= Task prompt =
Copy every line of the material exactly as it stands.

= The data =
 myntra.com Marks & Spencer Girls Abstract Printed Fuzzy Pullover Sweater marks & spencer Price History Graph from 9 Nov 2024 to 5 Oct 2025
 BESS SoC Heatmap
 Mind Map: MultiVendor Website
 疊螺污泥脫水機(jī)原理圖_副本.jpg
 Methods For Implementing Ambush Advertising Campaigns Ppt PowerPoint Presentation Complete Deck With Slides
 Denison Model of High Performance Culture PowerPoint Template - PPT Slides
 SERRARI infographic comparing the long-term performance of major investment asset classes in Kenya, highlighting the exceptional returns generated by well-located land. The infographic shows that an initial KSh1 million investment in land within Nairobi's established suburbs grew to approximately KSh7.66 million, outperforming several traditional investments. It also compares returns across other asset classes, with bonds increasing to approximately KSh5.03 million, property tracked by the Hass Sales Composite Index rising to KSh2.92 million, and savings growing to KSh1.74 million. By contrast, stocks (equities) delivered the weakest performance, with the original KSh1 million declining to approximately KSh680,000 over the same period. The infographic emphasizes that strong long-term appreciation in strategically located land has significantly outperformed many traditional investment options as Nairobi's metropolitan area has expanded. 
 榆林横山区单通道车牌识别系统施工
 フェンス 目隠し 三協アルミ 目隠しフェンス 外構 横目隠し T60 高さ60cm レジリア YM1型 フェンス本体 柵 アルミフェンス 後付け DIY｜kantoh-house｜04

= Completed exercise =
 myntra.com Marks & Spencer Girls Abstract Printed Fuzzy Pullover Sweater marks & spencer Price History Graph from 9 Nov 2024 to 5 Oct 2025
 BESS SoC Heatmap
 Mind Map: MultiVendor Website
 疊螺污泥脫水機(jī)原理圖_副本.jpg
 Methods For Implementing Ambush Advertising Campaigns Ppt PowerPoint Presentation Complete Deck With Slides
 Denison Model of High Performance Culture PowerPoint Template - PPT Slides
 SERRARI infographic comparing the long-term performance of major investment asset classes in Kenya, highlighting the exceptional returns generated by well-located land. The infographic shows that an initial KSh1 million investment in land within Nairobi's established suburbs grew to approximately KSh7.66 million, outperforming several traditional investments. It also compares returns across other asset classes, with bonds increasing to approximately KSh5.03 million, property tracked by the Hass Sales Composite Index rising to KSh2.92 million, and savings growing to KSh1.74 million. By contrast, stocks (equities) delivered the weakest performance, with the original KSh1 million declining to approximately KSh680,000 over the same period. The infographic emphasizes that strong long-term appreciation in strategically located land has significantly outperformed many traditional investment options as Nairobi's metropolitan area has expanded. 
 榆林横山区单通道车牌识别系统施工
 フェンス 目隠し 三協アルミ 目隠しフェンス 外構 横目隠し T60 高さ60cm レジリア YM1型 フェンス本体 柵 アルミフェンス 後付け DIY｜kantoh-house｜04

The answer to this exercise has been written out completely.